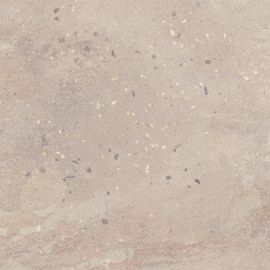 Gresie - GRESIE DESERTDUST BEIGE STRUKTURA MAT 59,8x59,8 PARADYZ, dennver.ro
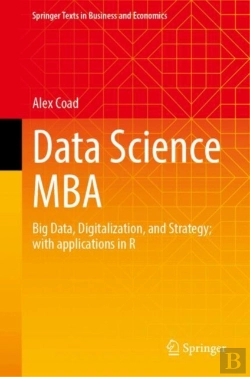 Bertrand.pt - Data Science Mba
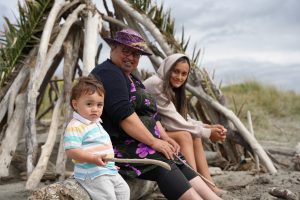 Whāraurau is the national centre for workforce development in the Infant, Child and Adolescent Mental Health Sector.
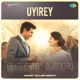 Uyirey Soft Lofi Single
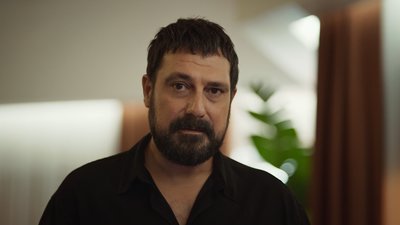 Gerçekler ortaya çıkıyor!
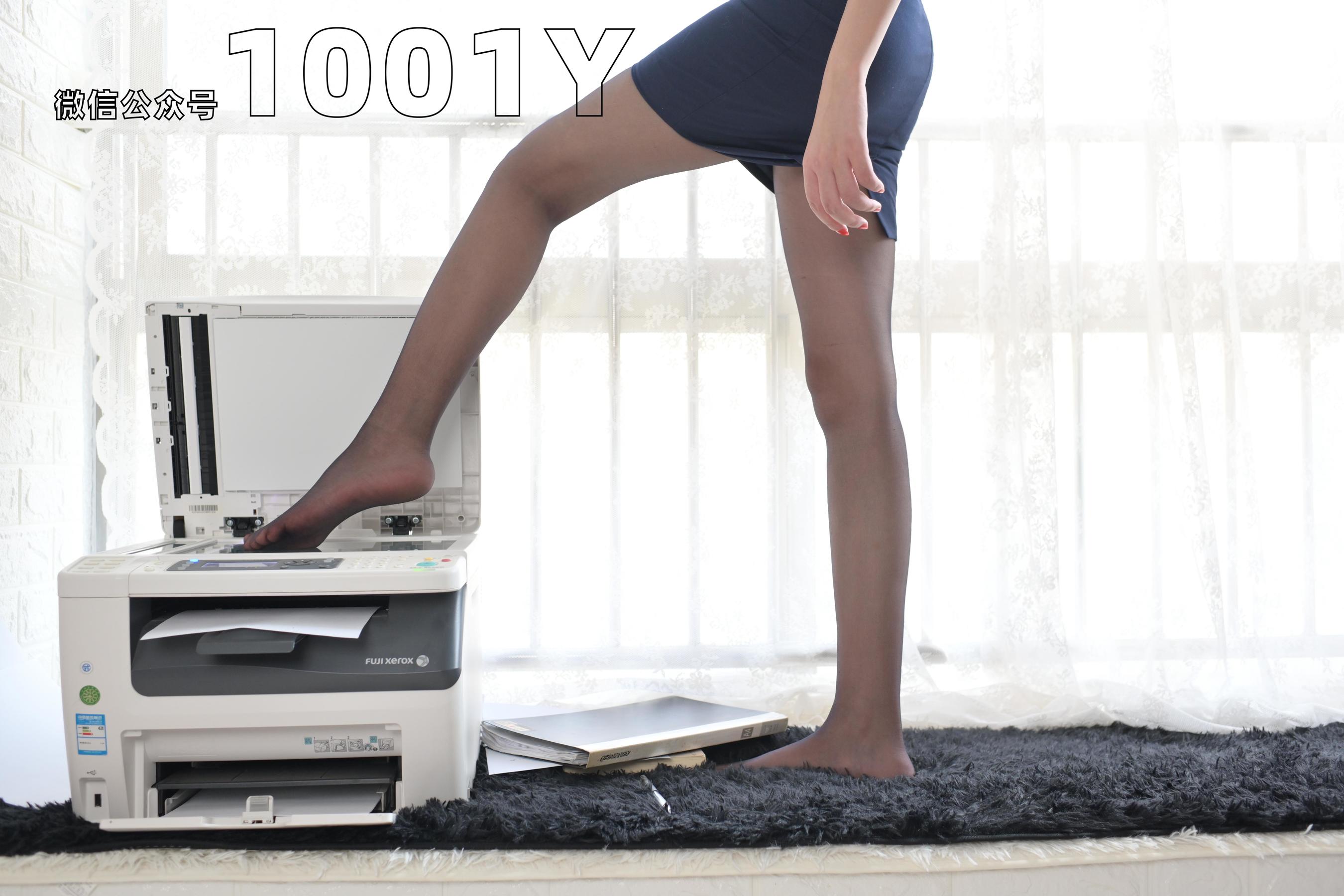 [一千零一夜IESS] 西瓜 《我的小秘书2》_第2张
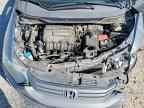 2010 HONDA Insight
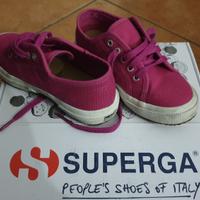 Superga bambina n29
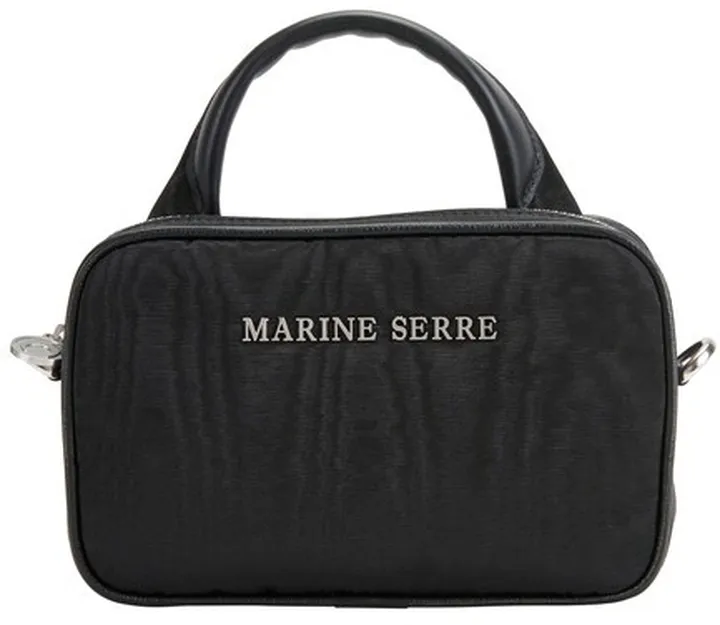 Phone Case bag recycled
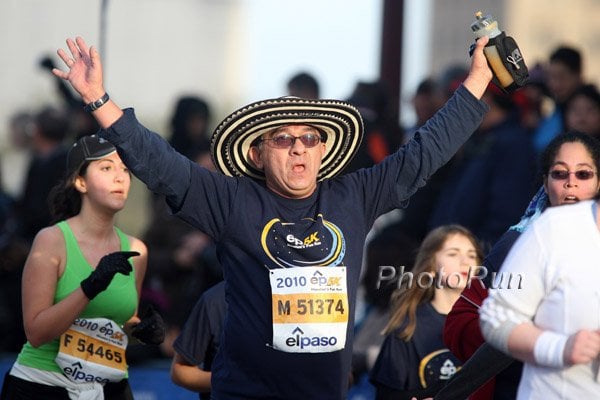 HatMan-Houston10.JPG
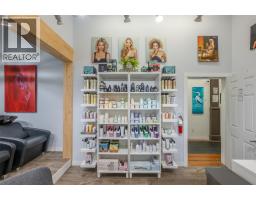 6222 Main Street, Oliver, BC V0H1T0 Photo 38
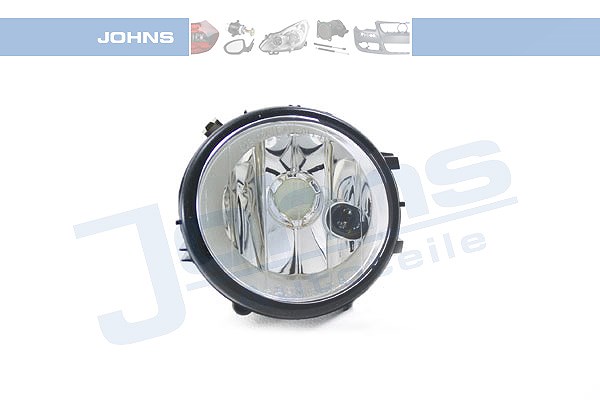 Johns Nebelscheinwerfer [Hersteller-Nr. 327529] für Ford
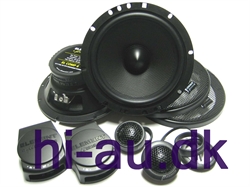 u-DIMENSION EL Comp 6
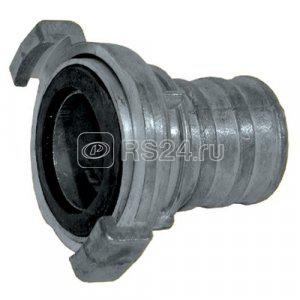 Головка рукавная ГР-80 023102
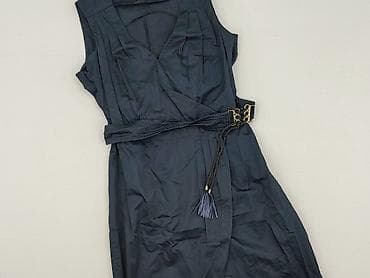 milla sukienki: Sukienka damska, rozmiar XL — 1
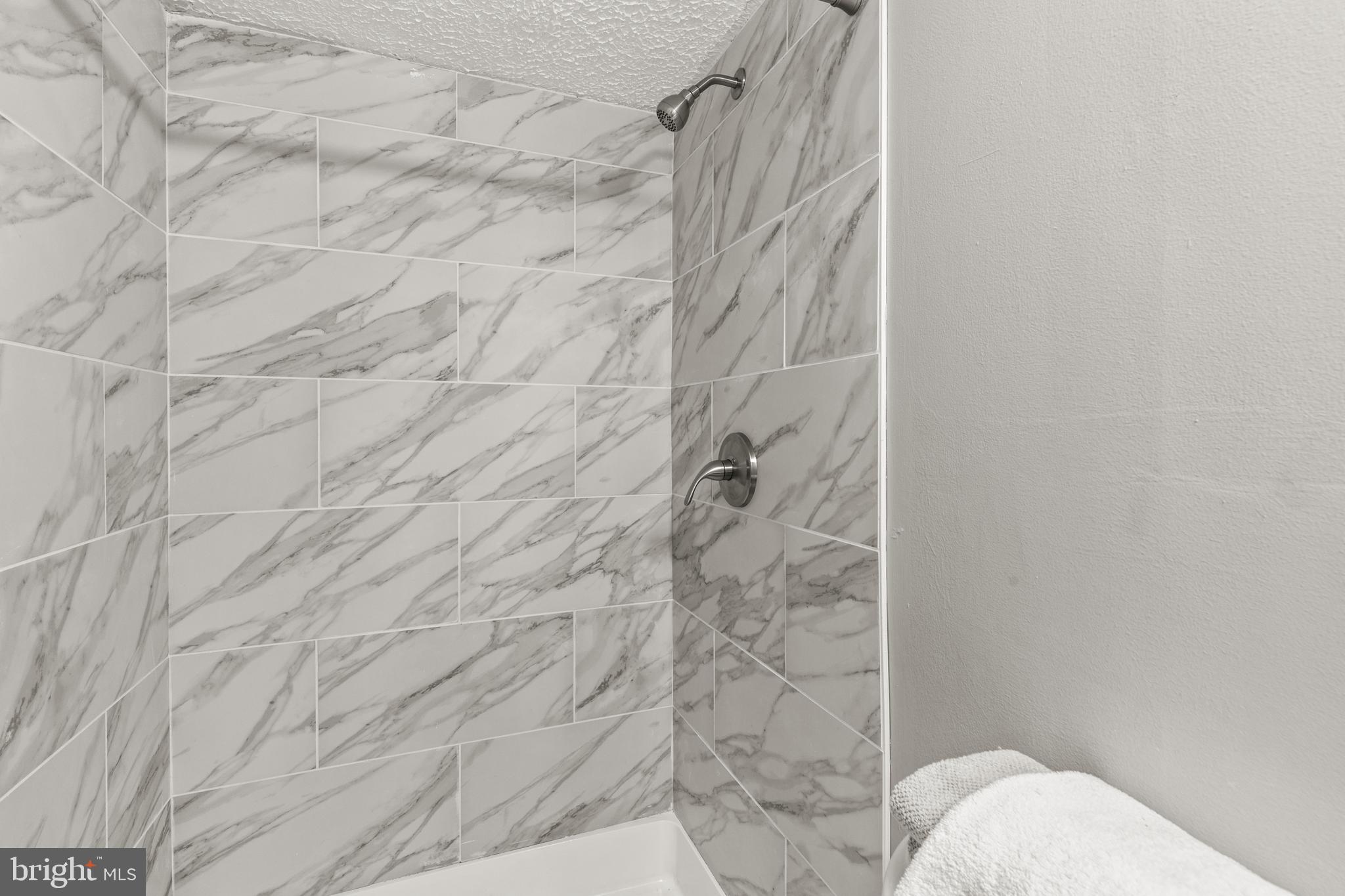 HARMANS WOODS - Residential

________________________________________

__EXERCISE DIRECTIONS__
Your reply should hold every line above exactly as written and none of the pictures.

__OUTPUT OF THE TASK__
 Gresie - GRESIE DESERTDUST BEIGE STRUKTURA MAT 59,8x59,8 PARADYZ, dennver.ro
 Bertrand.pt - Data Science Mba
 Whāraurau is the national centre for workforce development in the Infant, Child and Adolescent Mental Health Sector.
 Uyirey Soft Lofi Single
 Gerçekler ortaya çıkıyor!
 [一千零一夜IESS] 西瓜 《我的小秘书2》_第2张
 2010 HONDA Insight
 Superga bambina n29
 Phone Case bag recycled
 HatMan-Houston10.JPG
 6222 Main Street, Oliver, BC V0H1T0 Photo 38
 Johns Nebelscheinwerfer [Hersteller-Nr. 327529] für Ford
 u-DIMENSION EL Comp 6
 Головка рукавная ГР-80 023102
 milla sukienki: Sukienka damska, rozmiar XL — 1
 HARMANS WOODS - Residential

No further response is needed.